Entries provided –

▬▬▬

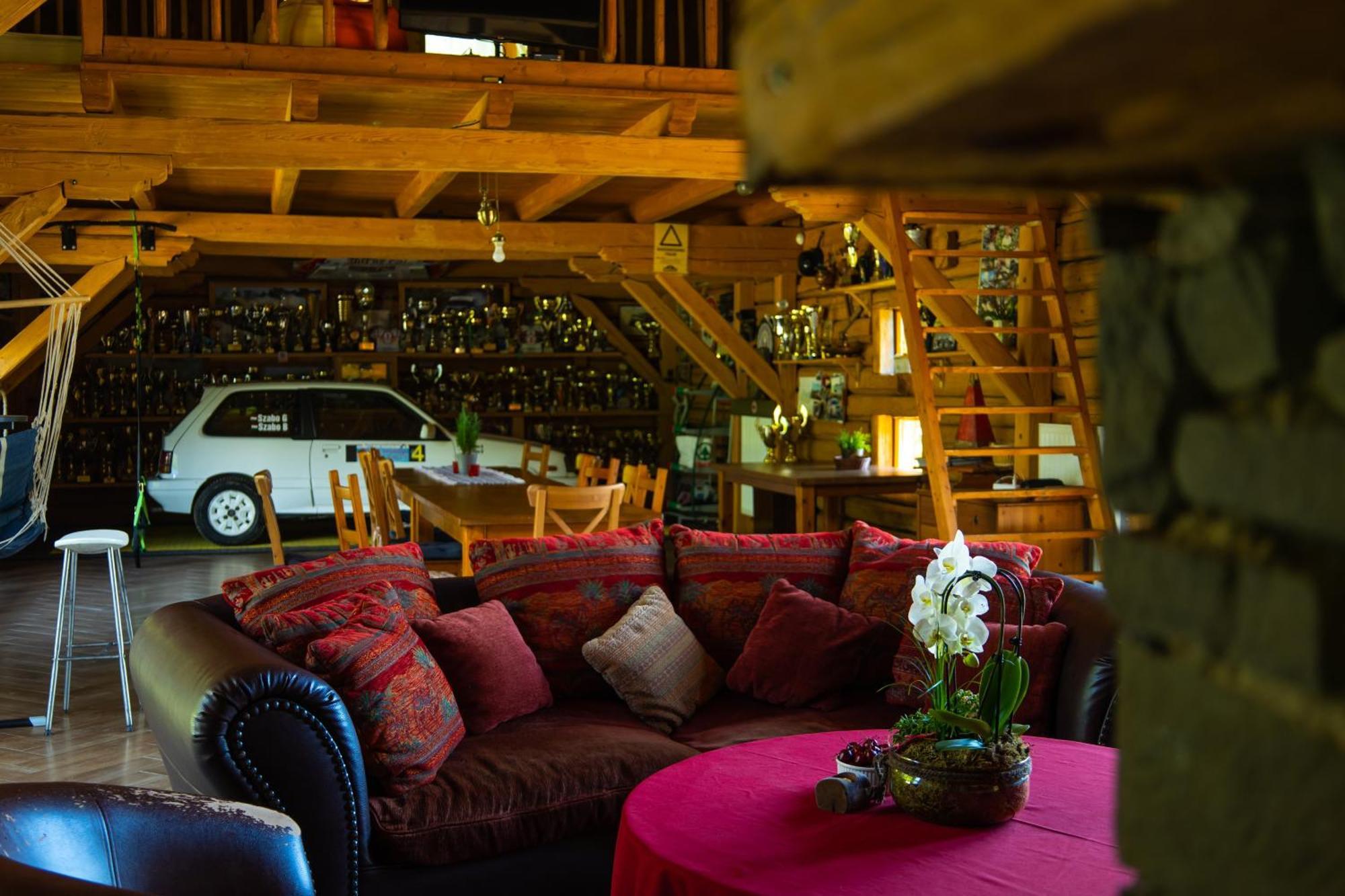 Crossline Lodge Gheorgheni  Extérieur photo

▬▬▬

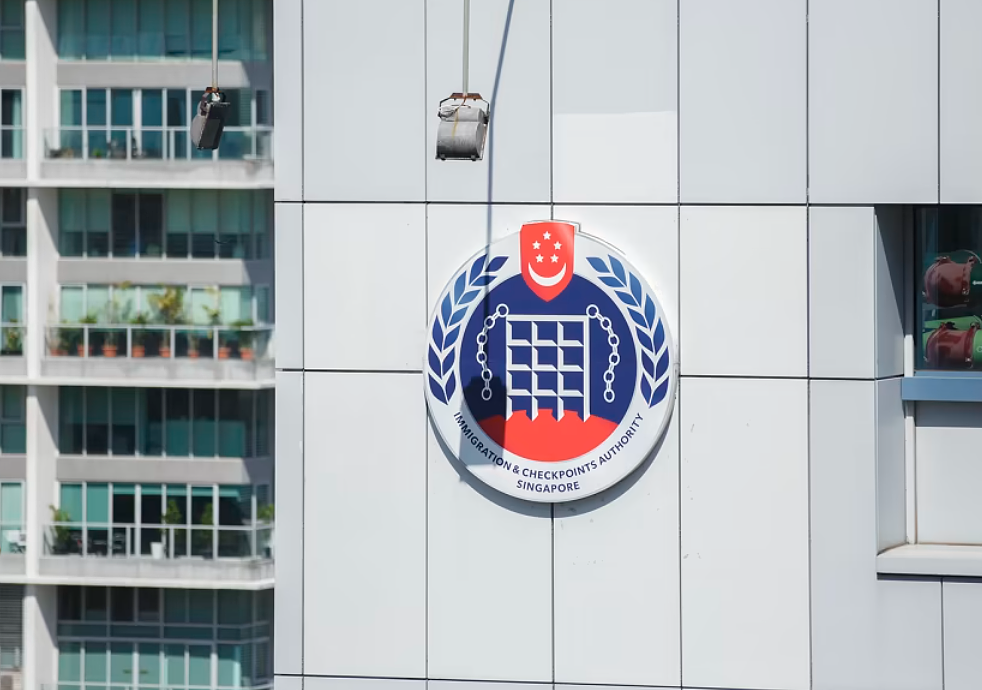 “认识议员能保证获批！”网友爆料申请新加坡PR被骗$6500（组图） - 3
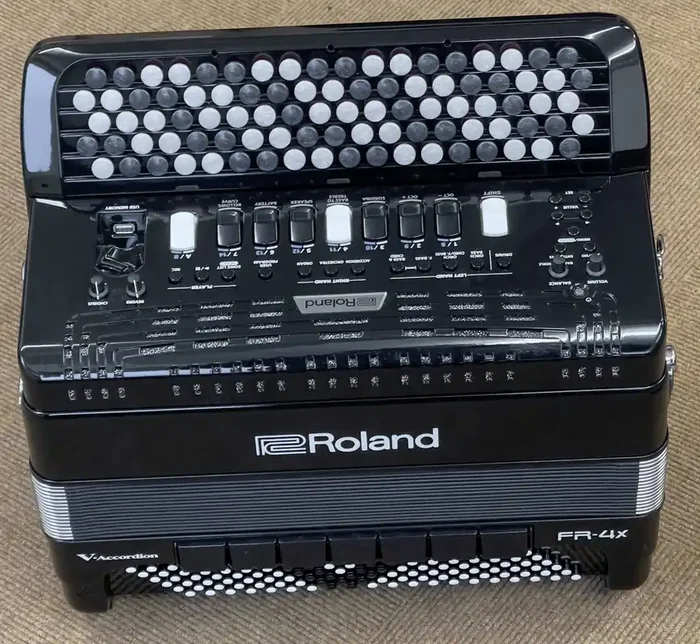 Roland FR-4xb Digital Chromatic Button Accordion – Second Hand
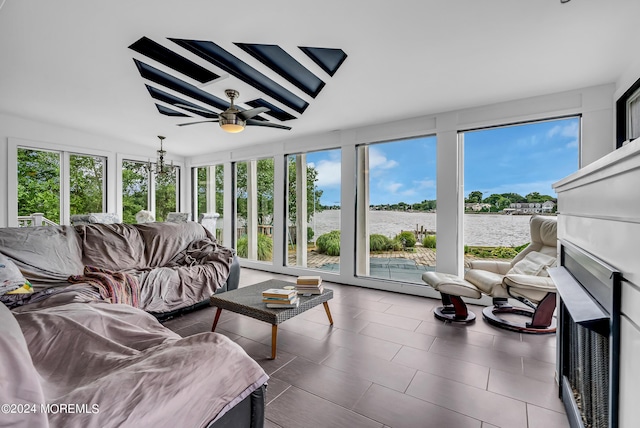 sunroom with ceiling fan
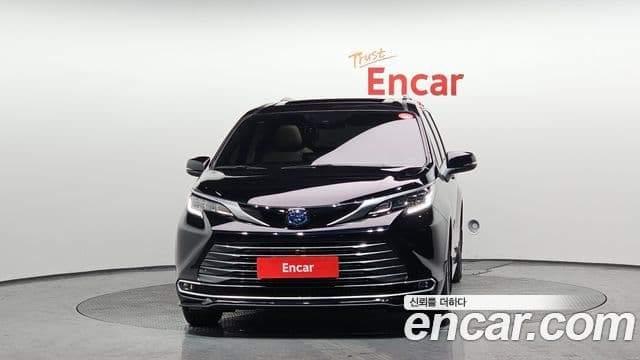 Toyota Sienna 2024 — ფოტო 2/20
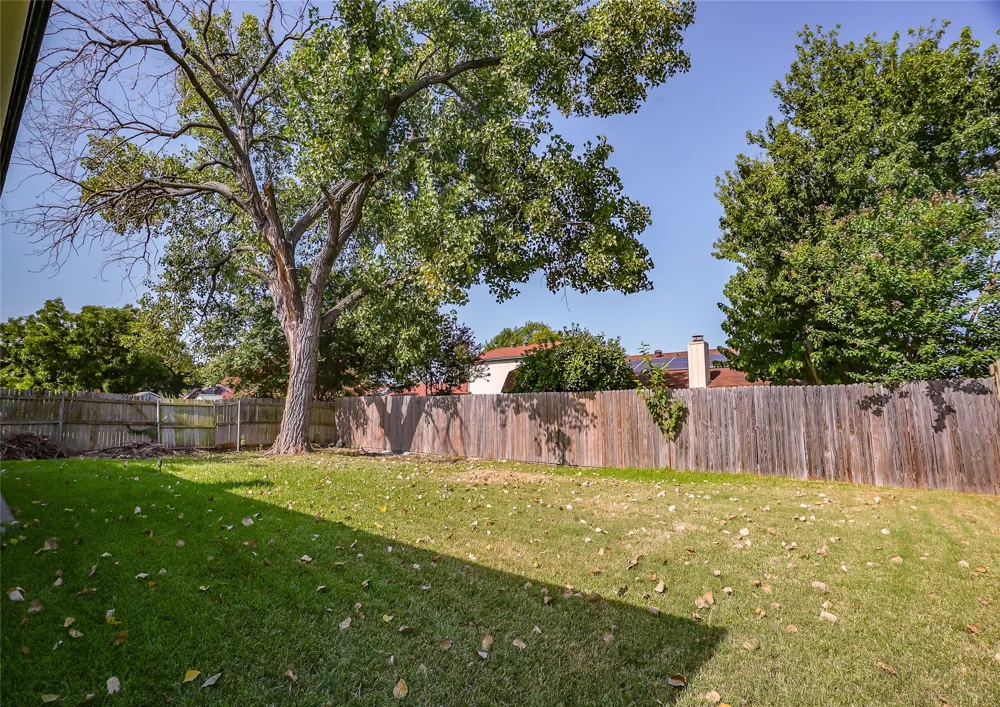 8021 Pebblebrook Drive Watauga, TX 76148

▬▬▬

A verbatim reproduction is expected: starting at the line above that has "Roland FR-4xb Digital", ending at the line that has "8021 Pebblebrook Drive Watauga, TX 76148", both included, and with no pictures and no other lines.

 Roland FR-4xb Digital Chromatic Button Accordion – Second Hand
 sunroom with ceiling fan
 Toyota Sienna 2024 — ფოტო 2/20
 8021 Pebblebrook Drive Watauga, TX 76148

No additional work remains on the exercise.